Researchers at DeepSeek-AI announced the release of DeepSeek-Prover-V1.5, an open-source language model designed for theorem proving in Lean 4. It enhances DeepSeek-Prover-V1 by optimizing both training and inference processes. Pre-trained on DeepSeekMath-Base with specialization in formal mathematical languages, the model undergoes supervised fine-tuning using an enhanced formal theorem proving dataset derived from DeepSeek-Prover-V1. The method begins with whole-proof generation, where the language model produces complete proof code based on the theorem statement. The Lean prover then verifies this code. If an error is detected, the code is truncated at the first error message, and the successfully generated portion serves as a prompt for the next proof segment. The latest state from the Lean 4 prover is appended as a comment to the prompt to enhance accuracy. The truncate-and-resume mechanism is integrated into the Monte-Carlo tree search (MCTS), allowing for flexible truncation points determined by the tree search policy. Also, a reward-free exploration algorithm is proposed to address the reward sparsity issue in proof search, assigning intrinsic motivation to the tree search agent for extensive exploration of the tactic state space.
Neural Magic released the LLM Compressor, a new tool designed to optimize large language models by enabling faster inference through advanced compression techniques.
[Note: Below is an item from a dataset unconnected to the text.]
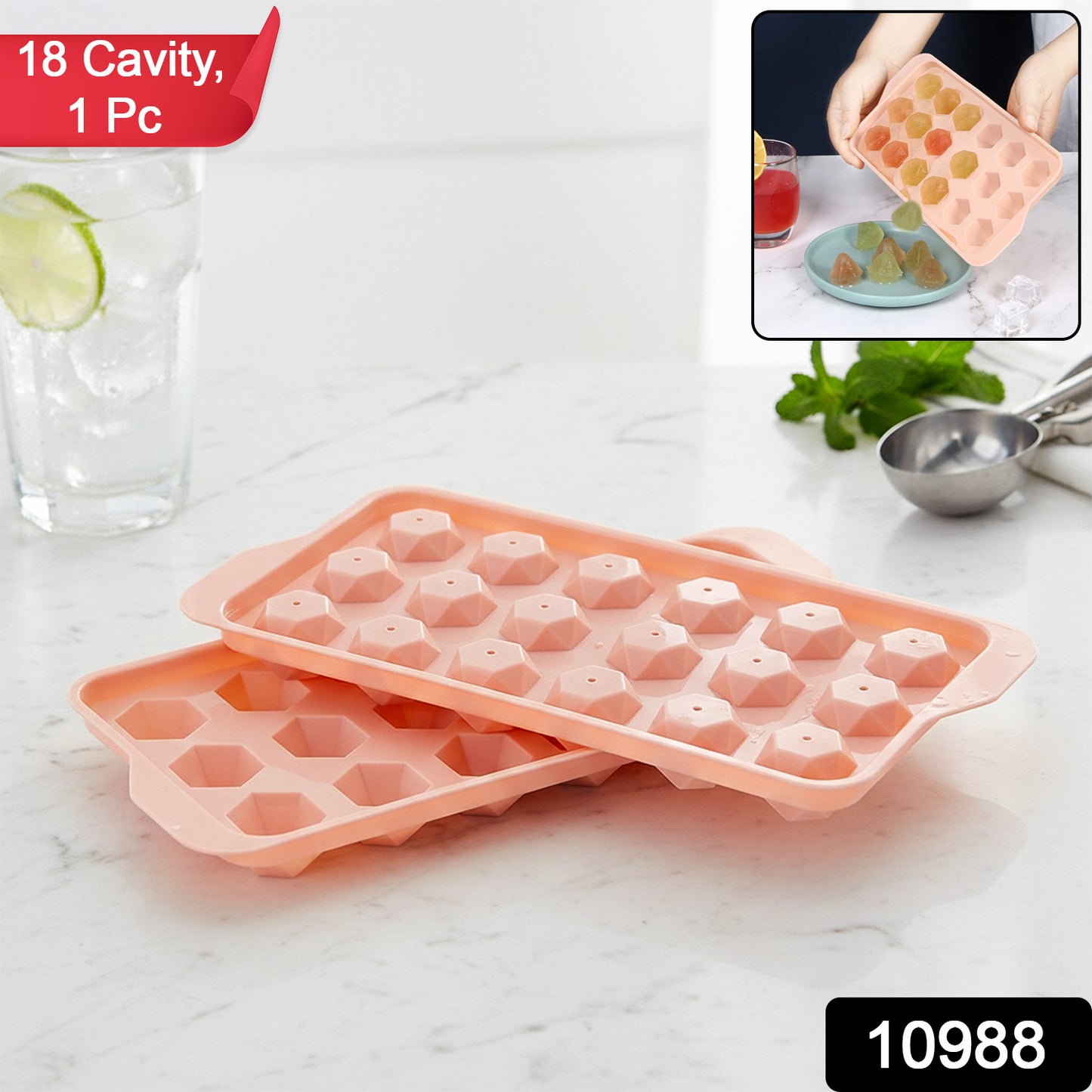 Wukusy durable plastic ice cube tray with 12 compartments for home and kitchen use, flexible and easy to release ice cubes.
The LLM Compressor integrates various model compression tools, unifying state-of-the-art algorithms like GPTQ, SmoothQuant, and SparseGPT into a single library. With this approach, the company aims to address the fragmented landscape of existing tools and simplify the application of compression algorithms. The LLM Compressor comes with support for activation and weight quantization, which leverages INT8 and FP8 tensor cores optimized for NVIDIA's latest GPU architectures. This quantization can double performance in inference tasks, particularly under high server loads, as demonstrated by models like Llama 3.1 70B. In addition to quantization, the tool supports structured sparsity and weight pruning, significantly reducing model size while maintaining accuracy. This allows for efficient deployment on resource-constrained hardware and enhances the performance of large language models in production environments.
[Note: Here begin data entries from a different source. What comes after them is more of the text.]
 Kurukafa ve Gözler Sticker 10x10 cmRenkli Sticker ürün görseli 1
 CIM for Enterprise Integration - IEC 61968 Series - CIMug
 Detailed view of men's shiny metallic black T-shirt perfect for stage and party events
Primate Labs, known for its cross-platform benchmarking software, launched Geekbench AI 1.0, a new tool designed to assess the real-world performance of AI workloads on mobile and desktop platforms. Previously called Geekbench ML, the software has been rebranded to align with industry naming conventions. It measures performance across machine learning and deep learning tasks and introduces a three-metric scoring system to provide a more nuanced understanding of AI performance across different hardware. The new tool allows developers to see how different hardware optimizations impact specific AI tasks. It also includes workload accuracy measurements to help developers fine-tune models based on performance and error rates. It supports a range of AI frameworks, including OpenVINO on Linux and Windows, and TensorFlow Lite on Android. It is available for Windows, MacOS, Linux, and on the Google Play Store and Apple App Store. The tool is also integrated with Geekbench Browser for cross-platform benchmarking.